#### MATERIAL SUPPLIED
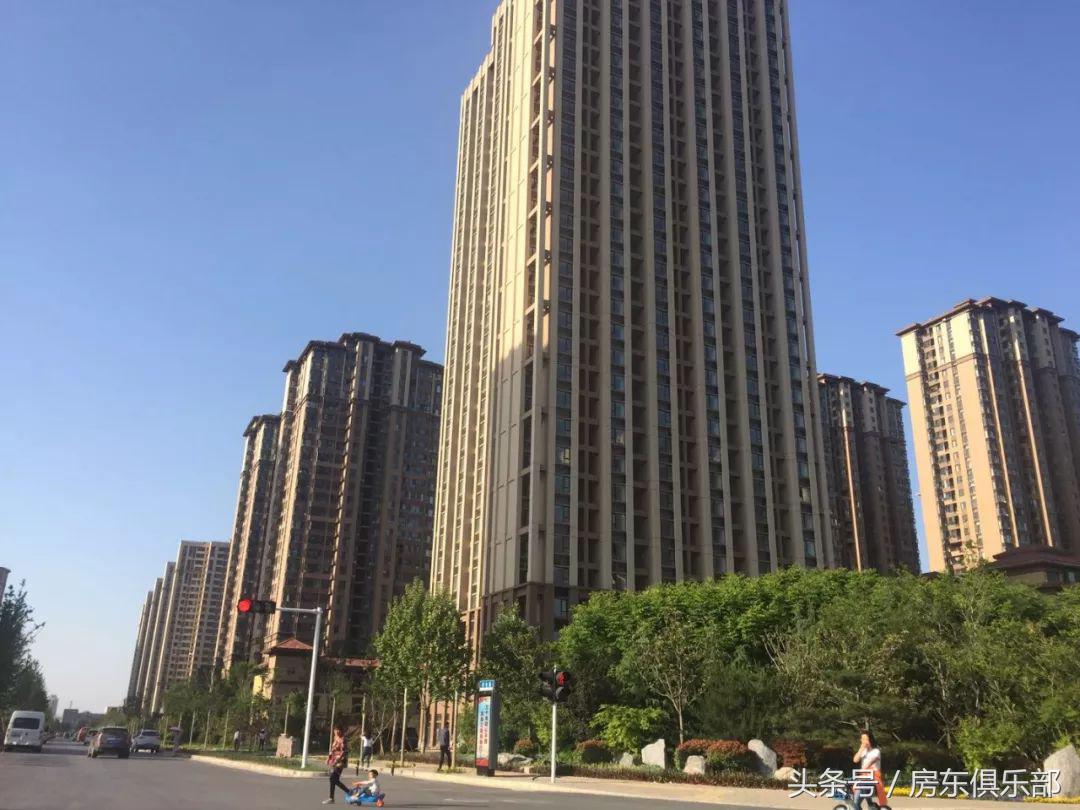 郑州万科城9期致命的缺点,郑州万科城七期不利因素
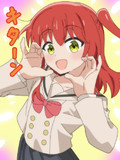 喜多ちゃん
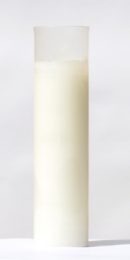 Grave lights replacement candle W 11a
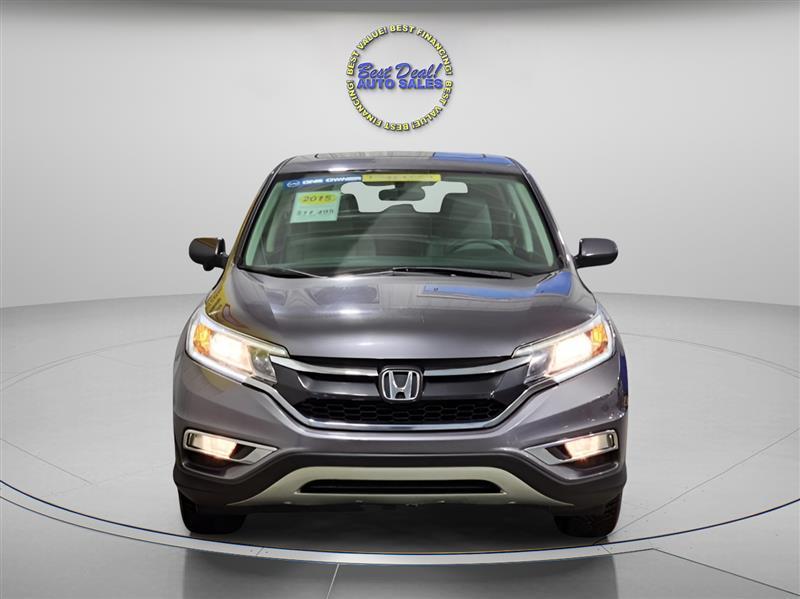 Honda CR-V  2015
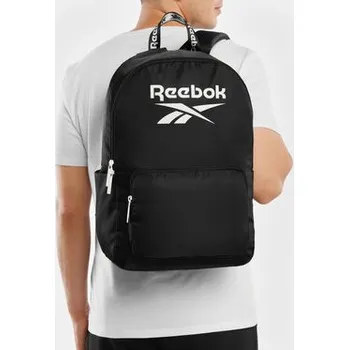 Sportovní batoh Batoh Reebok RBK-013-CCC-06 Černá NOSIZE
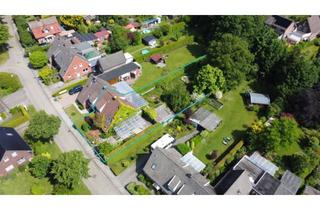 Doppelhaushälfte kaufen in 26603 Aurich, Charmante Doppelhaushälfte mit großem Grundstück und viel Potenzial in Aurich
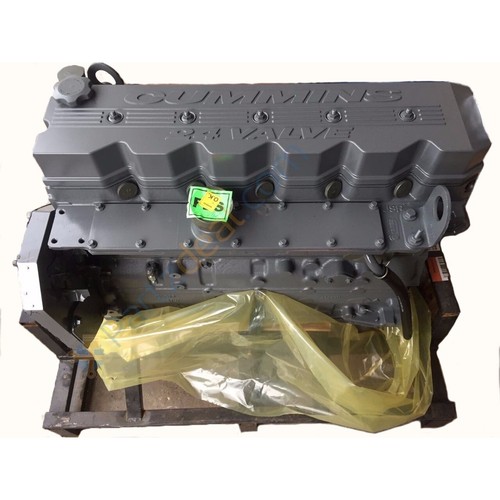 Brand new cummins engine long - brand,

#### TASK DIRECTIONS
Keep the pictures out of your copy, and repeat every entry above exactly.

#### RESPONSE TO THE TASK
 郑州万科城9期致命的缺点,郑州万科城七期不利因素
 喜多ちゃん
 Grave lights replacement candle W 11a
 Honda CR-V  2015
 Sportovní batoh Batoh Reebok RBK-013-CCC-06 Černá NOSIZE
 Doppelhaushälfte kaufen in 26603 Aurich, Charmante Doppelhaushälfte mit großem Grundstück und viel Potenzial in Aurich
 Brand new cummins engine long - brand,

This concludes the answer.